[GIVEN INFORMATION]
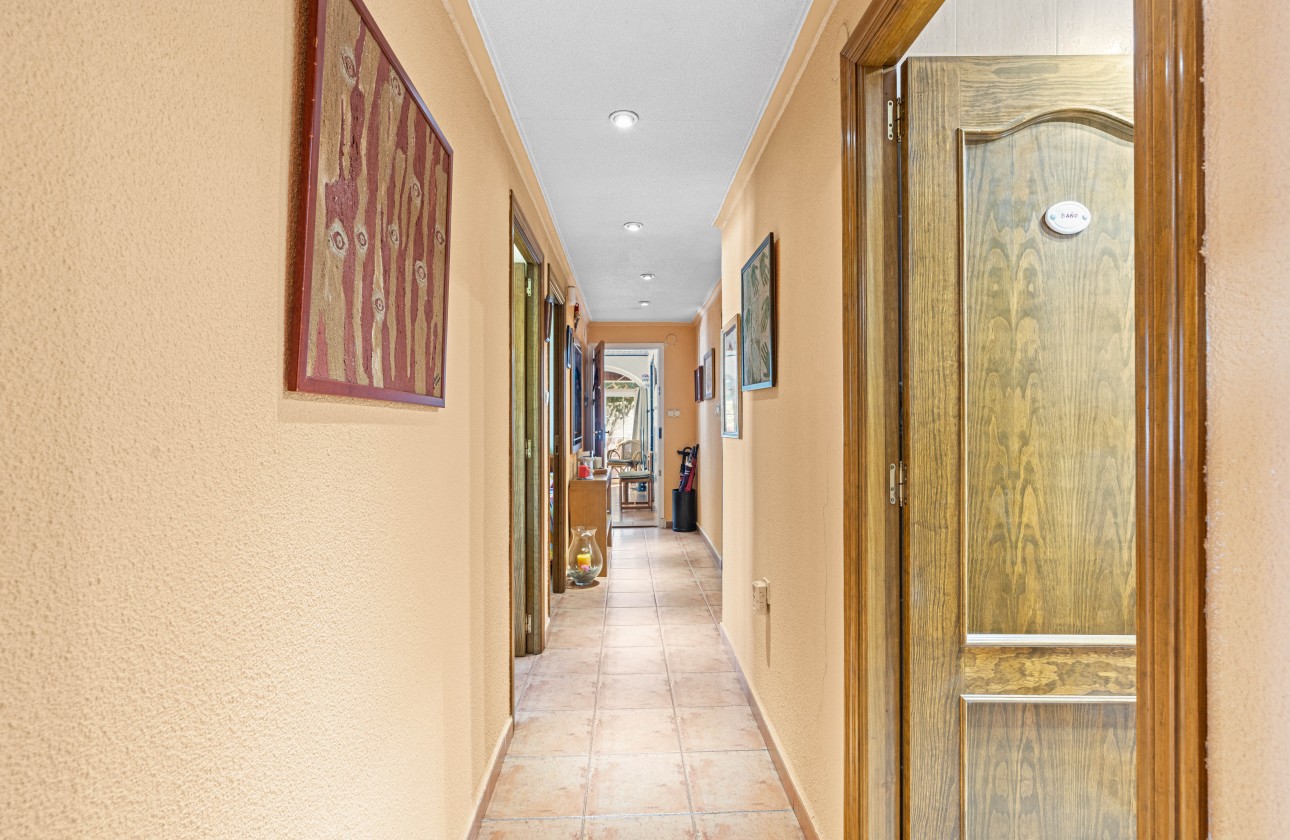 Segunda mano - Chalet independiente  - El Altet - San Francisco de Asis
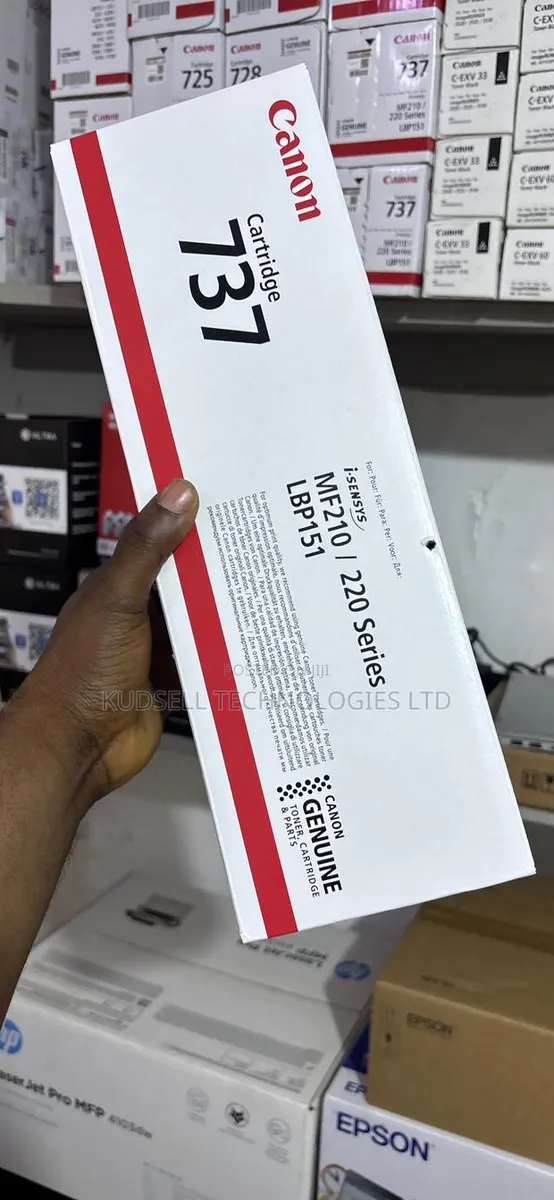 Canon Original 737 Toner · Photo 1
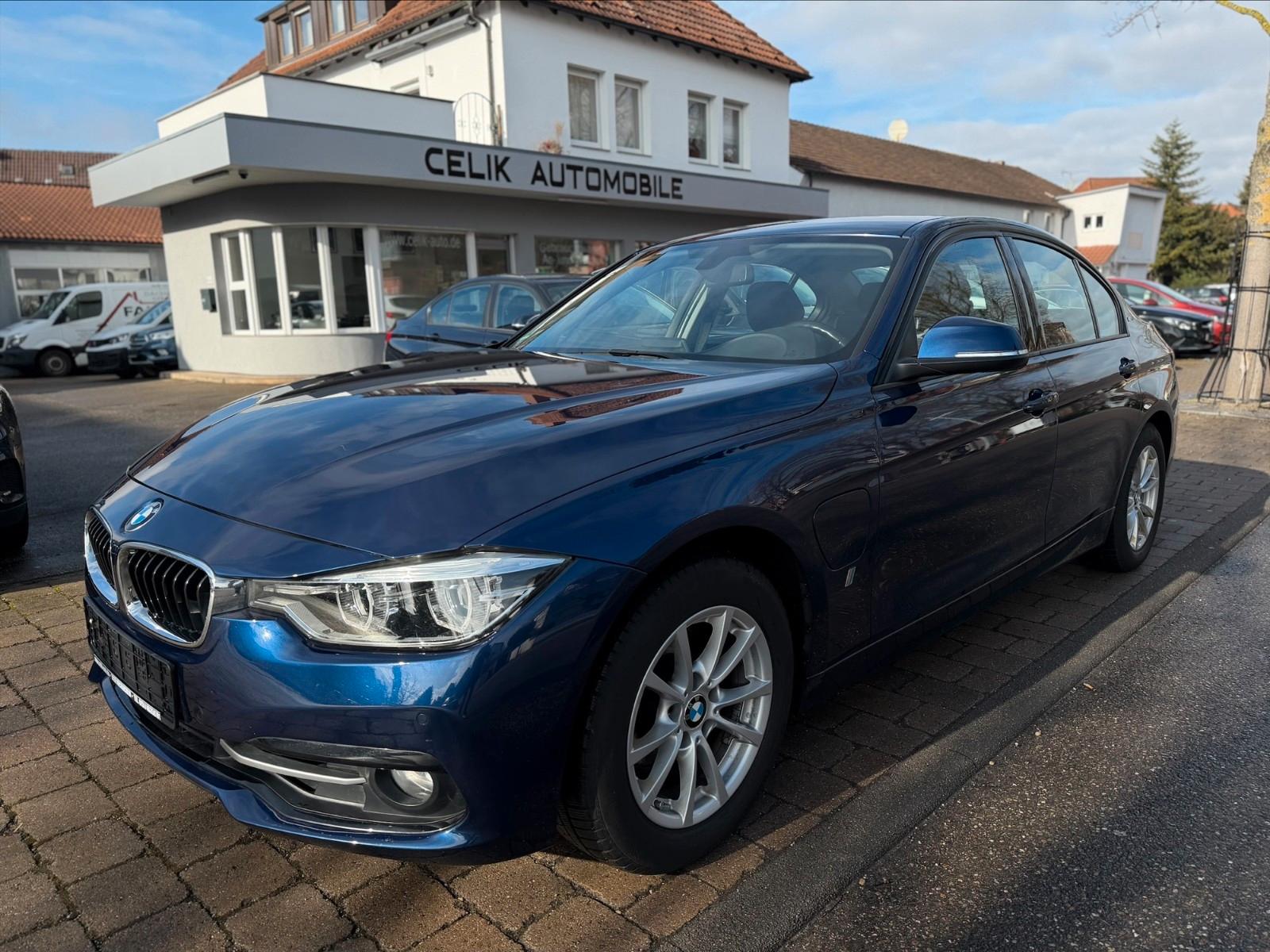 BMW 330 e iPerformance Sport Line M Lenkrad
[/GIVEN INFORMATION]
** REQUIRED WORK **
Could you print the whole listing again, exactly, leaving the pictures out?

** RESULT FOR THIS TASK **
 Segunda mano - Chalet independiente  - El Altet - San Francisco de Asis
 Canon Original 737 Toner · Photo 1
 BMW 330 e iPerformance Sport Line M Lenkrad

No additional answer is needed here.